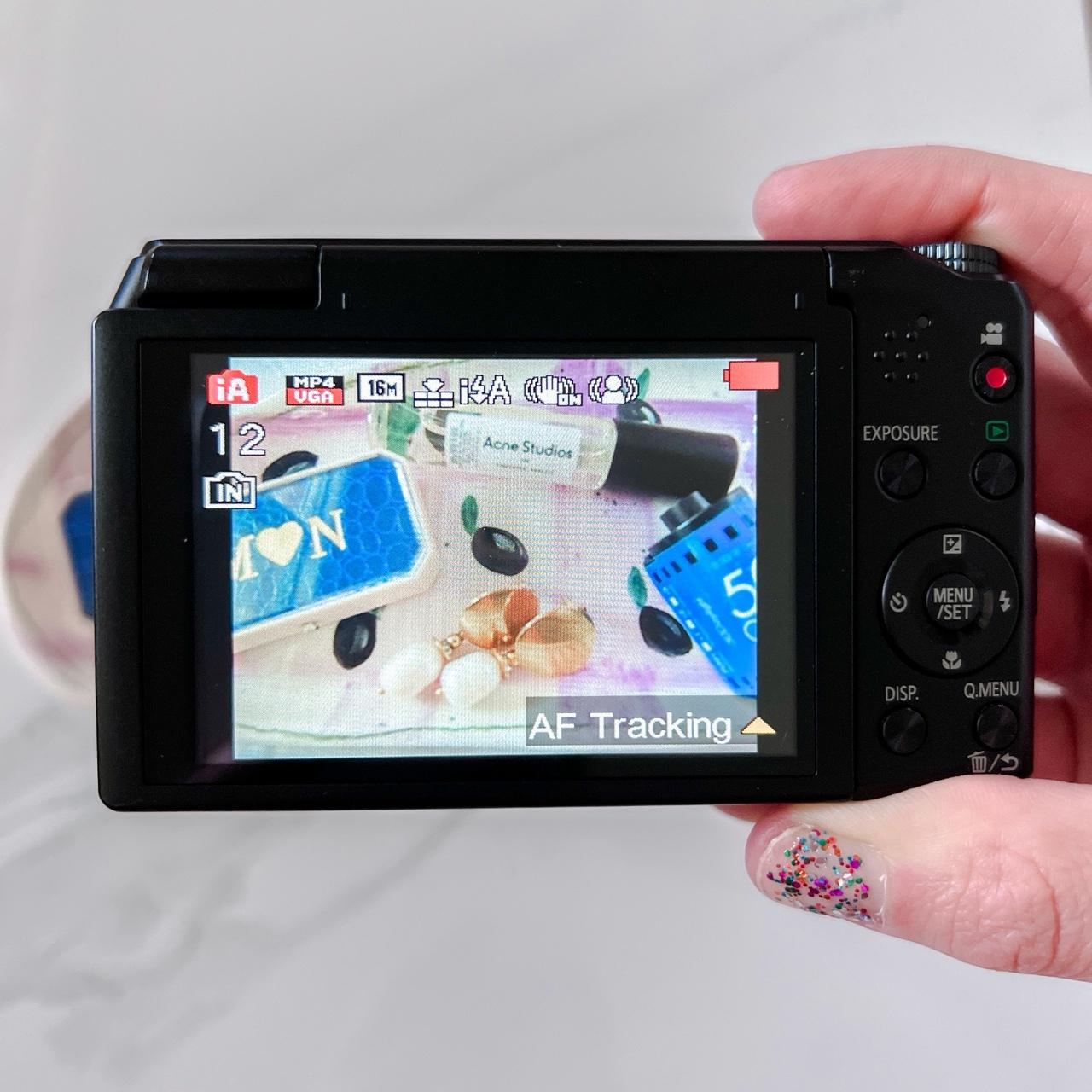 Panasonic Lumix ZS35 – 16MP Retro Vlog Camera ✨ 180° Flip Screen & 20× Leica Zoom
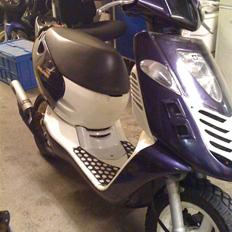 Aprilia sonic LC Solgt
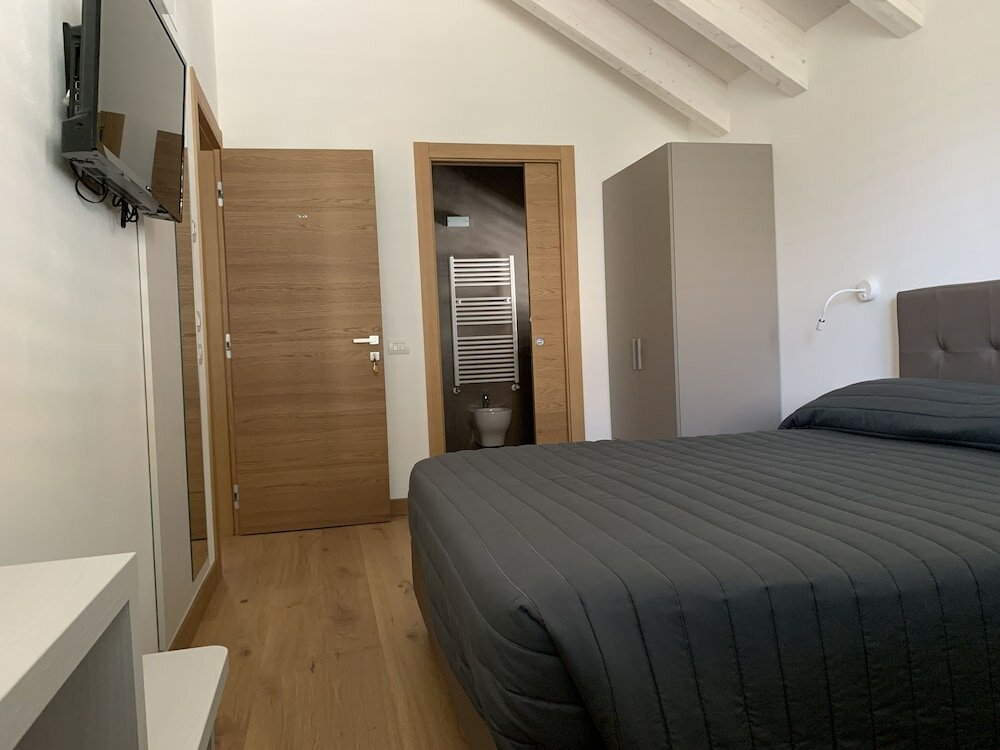 Фото Italo-Svizzero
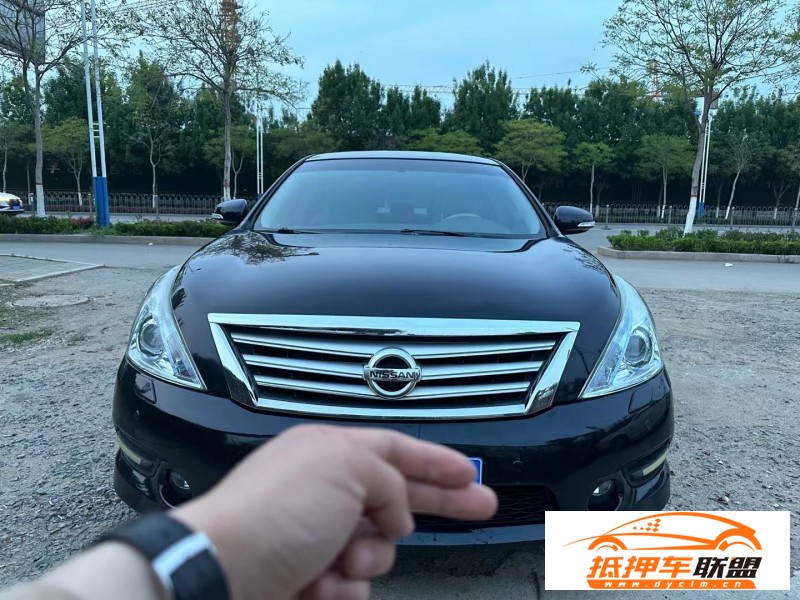  11年日產(chǎn)天籟轎車 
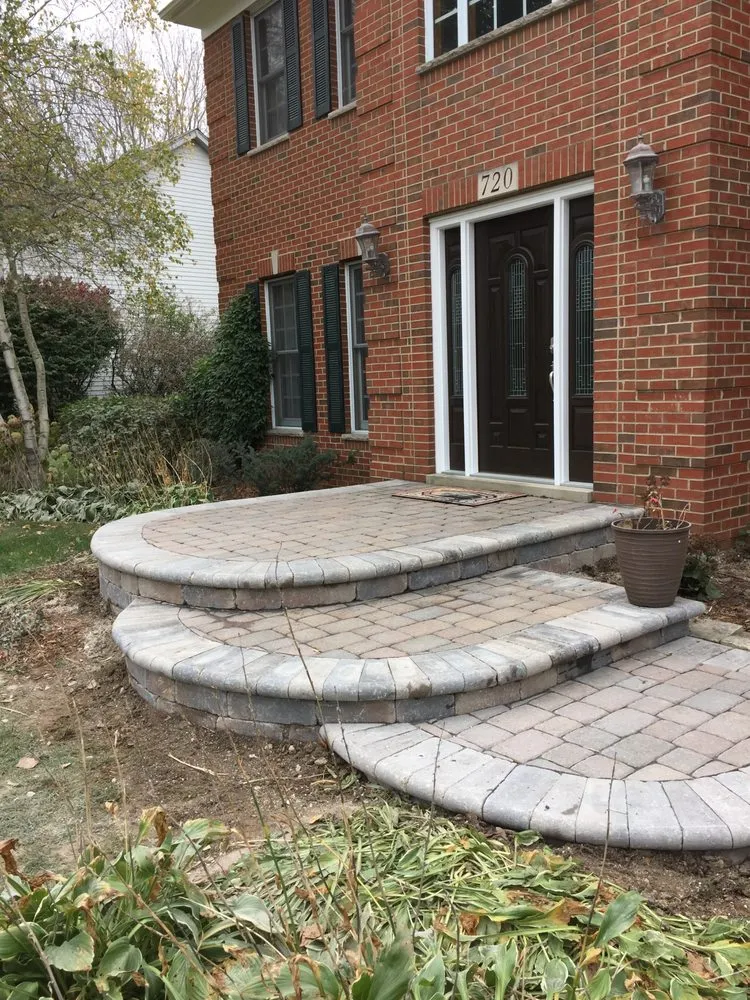 Professional landscaping services experts serving Woodstock, IL - SMG Lawn & Landscaping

════════════════

What this task involves. Leaving out all pictures, repeat word for word the lines from the one containing "Aprilia sonic LC Solgt" through the final line of the material above.

Task result.
 Aprilia sonic LC Solgt
 Фото Italo-Svizzero
  11年日產(chǎn)天籟轎車 
 Professional landscaping services experts serving Woodstock, IL - SMG Lawn & Landscaping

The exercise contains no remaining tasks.